Some Glaciers Are Melting Faster: UN
Glaciers are melting faster in southern South America and Alaska than in Europe, and communities need to adapt to the meltdown, warned a report compiled by the United Nations Environment Program (UNEP) and scientists, and presented Tuesday at the U.N. climate talks in Cancun, Mexico.
Many low-lying glaciers could disappear entirely in the coming decades, with the northwest U.S., southwest Canada and the Arctic also affected, the report said.
While most glaciers began decreasing in size around 150 years ago, the rate of ice loss has increased dramatically since the 1980s, wrote the authors of the report.
“Averaged over their entire areas, within the period 1960 to 2003 glaciers in Patagonia and Alaska have thinned by approximately 35 meters and 25 meters, respectively,” the report read.
Among the likely causes are warmer temperatures due to climate change, along with the deposit of soot that reduces the reflection of heat back into space, according to the report.
The shrinking glaciers alter rain patterns and reduce water in rivers, which affects the food supply to nearby communities.
“Adaptation is crucial and urgently needed to assist people who will be affected,” said John Crump, UNEP’s polar issues coordinator, during a news conference.
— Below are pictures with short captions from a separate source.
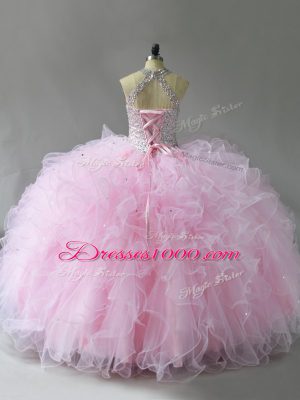 Tulle Sleeveless Floor Length Quinceanera Gown and Beading and Ruffles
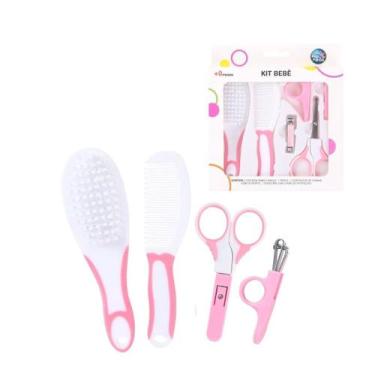 Imagem de Kit Bebe Inox Com Escovinha E Pente De Cabelo Pais E Filhos, ROSA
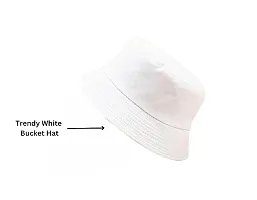 ILLARION CLASSYMESSI Combo Pack of 2 Bucket Hat White Shade Black Bucket Hats for Men and Women Cotton Hats for Girls Wide Brim Floppy Summer (HAT(White))-thumb2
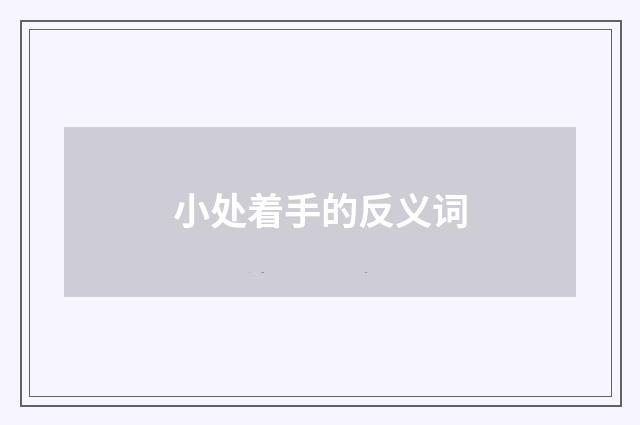 小处着手的反义词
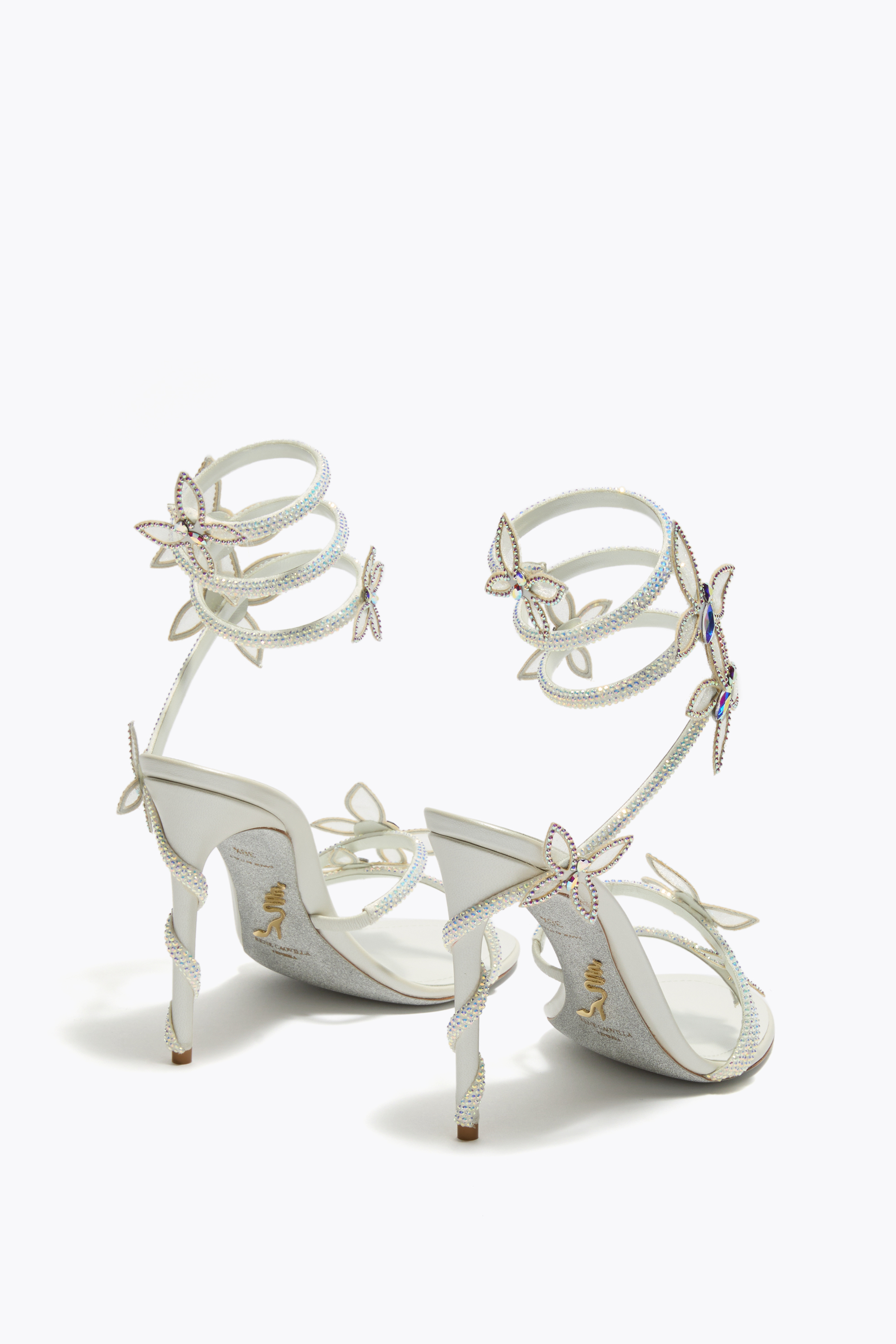 René Caovilla Margot White Sandal With Butterflies 105 In Silver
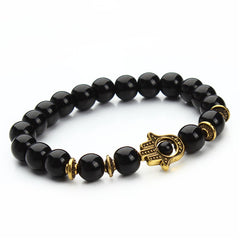 XINYAO 2017 Natural Stone Black Lava Beads Bracelet Men Gold Color Hamsa Hand Charm Energy Yoga Mala Bracelets For Women F2830
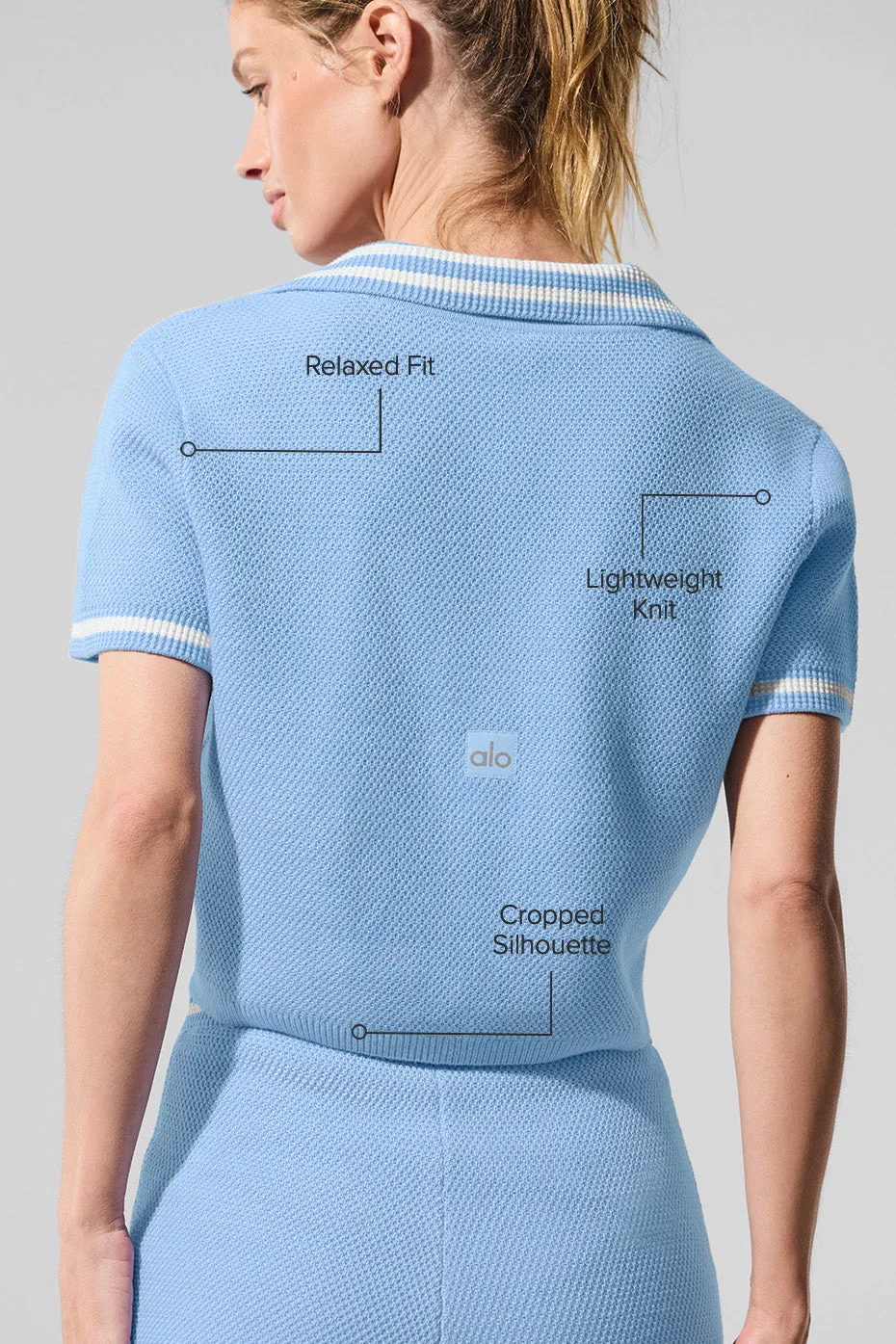 Tennis Club Sweater Knit Cropped Polo - Seashell Blue/White sold by Alo Yoga product image thumbnail 2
Although glaciers are shrinking throughout the world, high rain levels have actually increased the size of some glaciers, such as those in western Norway and New Zealand’s South Island, the report said.
As glaciers melt, lakes can sometimes form and eventually burst, resulting in flooding of the surrounding area. Such floods have increased in the past four decades, according to the report.
Officials in Peru have siphoned off water from lakes formed by melted glaciers, while similar initiatives have been attempted by Nepal and Bhutan.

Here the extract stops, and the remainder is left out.